県内の私立小学校入試が22日、始まる。慶応義塾横浜初等部(横浜市青葉区)が今春開校し、少子化の中で昨年は受験者が久々に増えた。2015年には日大藤沢小学校(藤沢市)も開校。県内の私立小の構図も大きく様変わりしようとしている。

 「慶応は生まれ月別に試験をします」。横浜市青葉区の幼児教室「アリスこどもスクール」の5歳児クラス。子どもたちがボールの的当ての練習をする中、野笹玲子代表の言葉に、母親たちが一斉にメモを取った。

 5歳児47人のほとんどが慶応を受験する。初年度納付金は186万円(13年度実績)。他校のほぼ倍だが、次女を受験させる女性(44)は「中学や大学の受験だと、親も塾の送り迎えなど大変。ここで入れば最終学歴『慶応』が手に入る」と魅力を話す。

 慶応は昨年、108人の定員に1297人が志願し、男子11・6、女子12・6倍の高倍率だった。

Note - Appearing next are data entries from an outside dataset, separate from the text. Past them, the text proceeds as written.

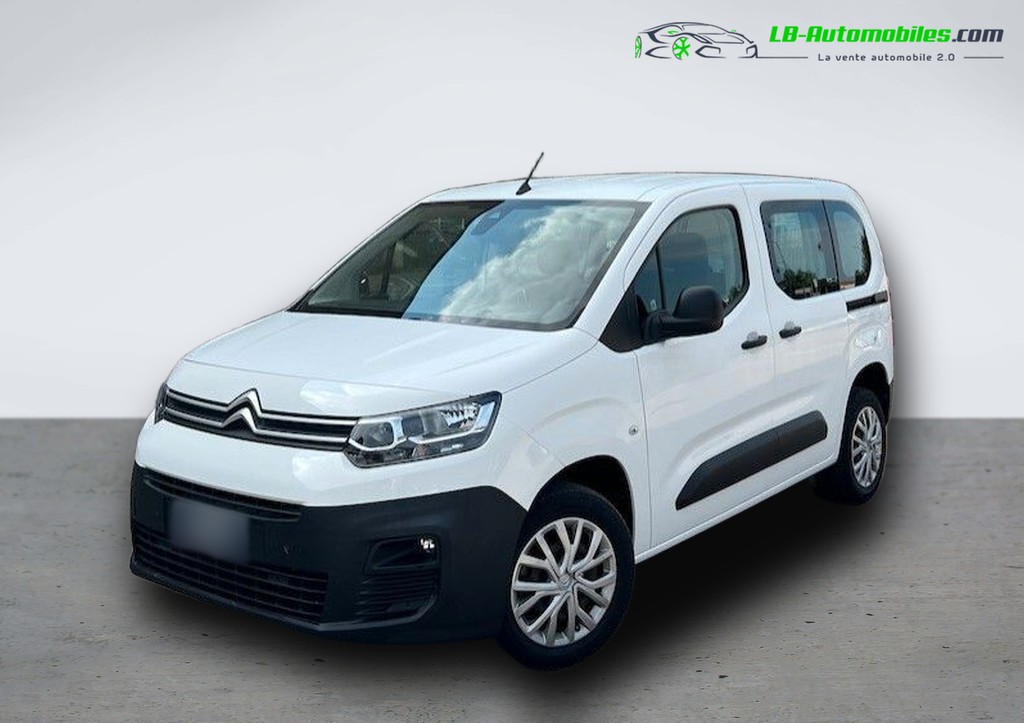 Citroën Berlingo BlueHDi 100 BVM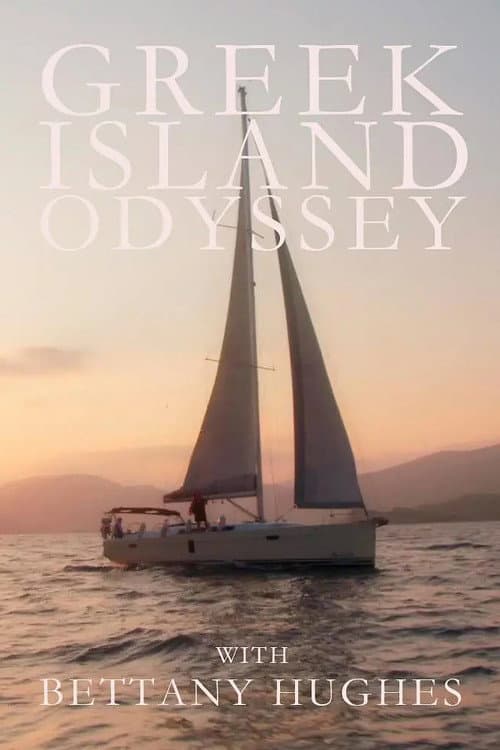 Poster for Greek Island Odyssey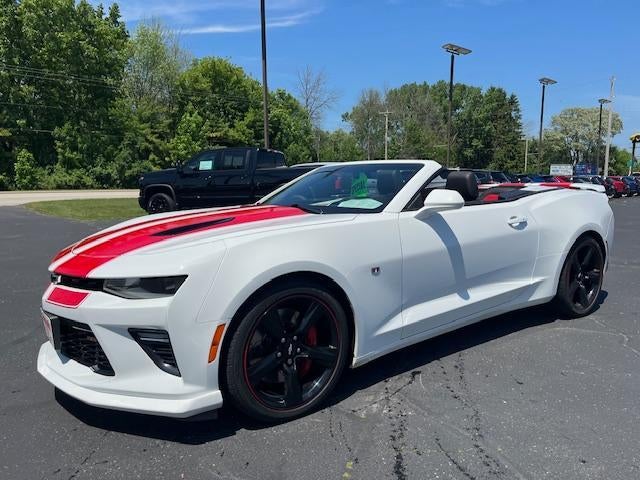 2016 Chevrolet Camaro 2SS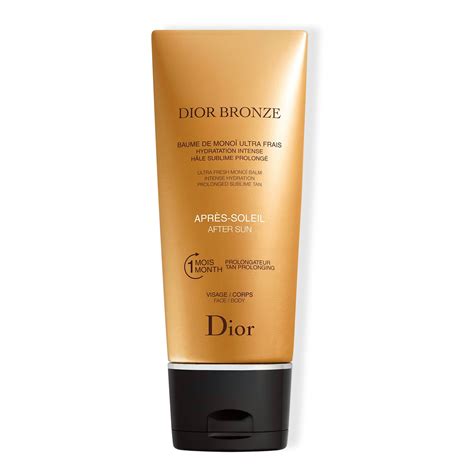 dior bronze after sun|Dior bronze line.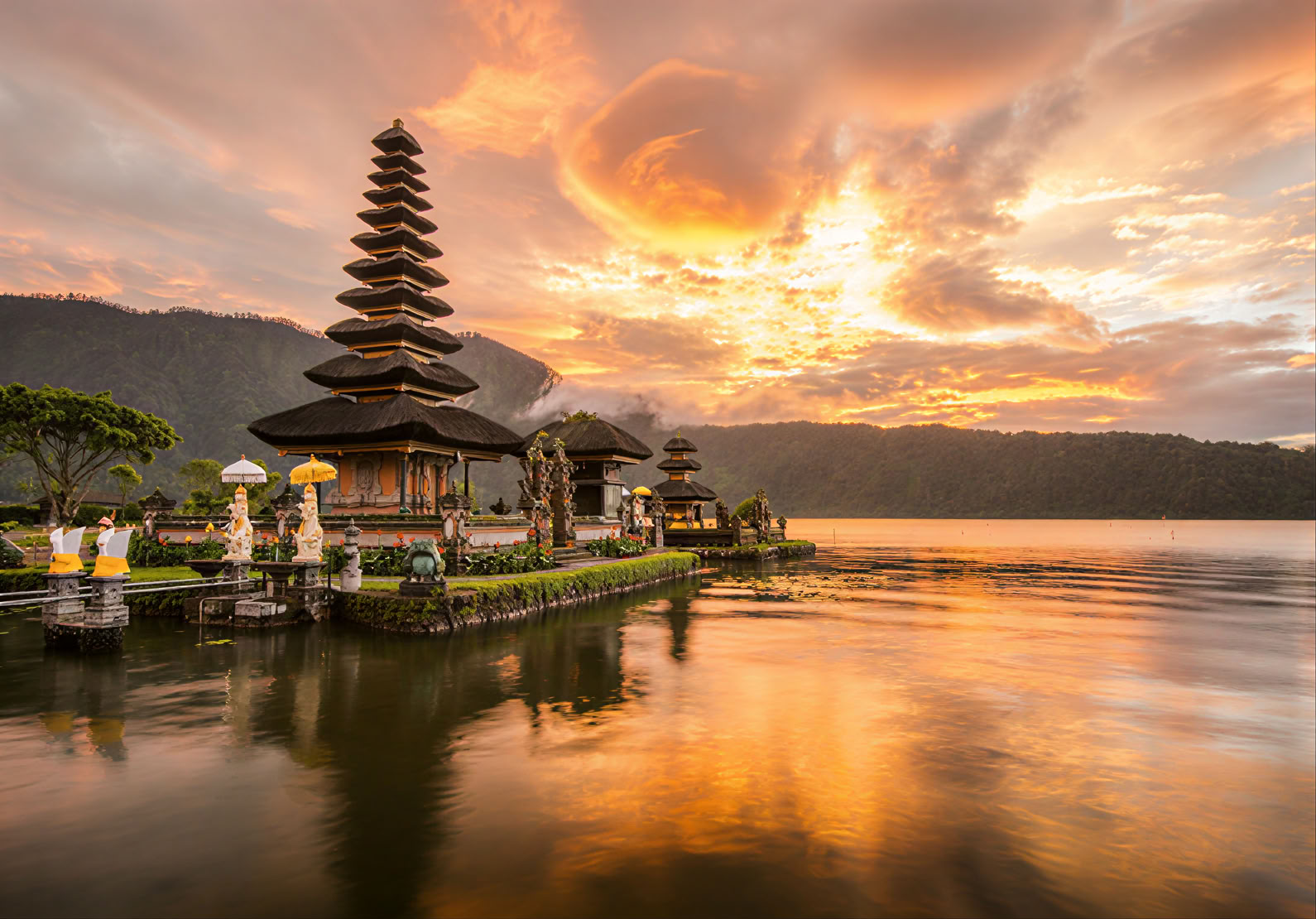Bali Bliss Yoga-Retreat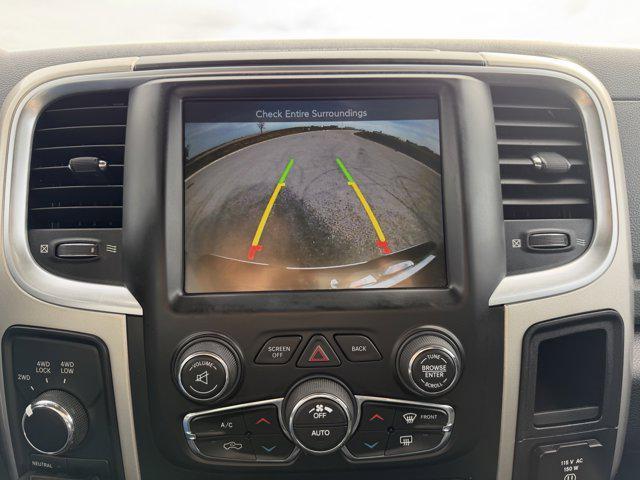 used 2017 Ram 2500 car, priced at $27,500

 小学校受験情報サイトを運営するバレクセルの調べでは、昨年は他の私立小の志願者も増えた。県内の私立小30校のうち、慶応以外で志願者数を公表している14校では2008年の2989人から11年は2304人と減少していた。それが昨年は2446人と増加に転じたという。

 大手受験塾「ジャック幼児教育研究所」(本部・東京)の大岡史直理事は「不況や少子化だからこそ、教育にお金をかけようと考える人もいる。慶応は、それまで小学校受験を考えていなかった人にまですそ野を広げた」と指摘する。

 15年春には、日大も付属小を藤沢に開校する。坂庭真吾・開校準備室長は「藤沢周辺には共学の系列校を持つ私立が少ない。横浜や川崎からは登校が下りになるのもメリット」とPR。エスカレーター式に大学まで進学できるが、日大以外の進学を希望する生徒のサポートもするという。

 一方、志願者の減少に歯止めがかからない学校もある。特に東日本大震災以降、津波の心配で沿岸部が敬遠される傾向にあり、定員割れの学校も出た。

 こうした中、中学受験なみの積極的な広報スタイルが各校に広がっている。オープンスクールや幼児教室での説明会を行う学校が増え、昨年からは県私立小学校協会主催の合同説明会も始まった。今年4月に開いた2度目の説明会には21校が参加した。

 洗足学園小(川崎市高津区)は、中学受験の実績を細かくHPに記載。女子なら系列中学に進学する権利を持ったまま他校を受験できることもアピールする。吉田英也校長によると、「中学で再度、慶応を目指す」という家庭にも選ばれているという。

 「アリス」の野笹代表は「慶応の開校で、既存の学校が刺激されている」という。「特色を出したり、広報が進んだりすることで、私立全体の底上げにつながる。子どもにとっても学ぶ場の選択肢が広がる」と話す。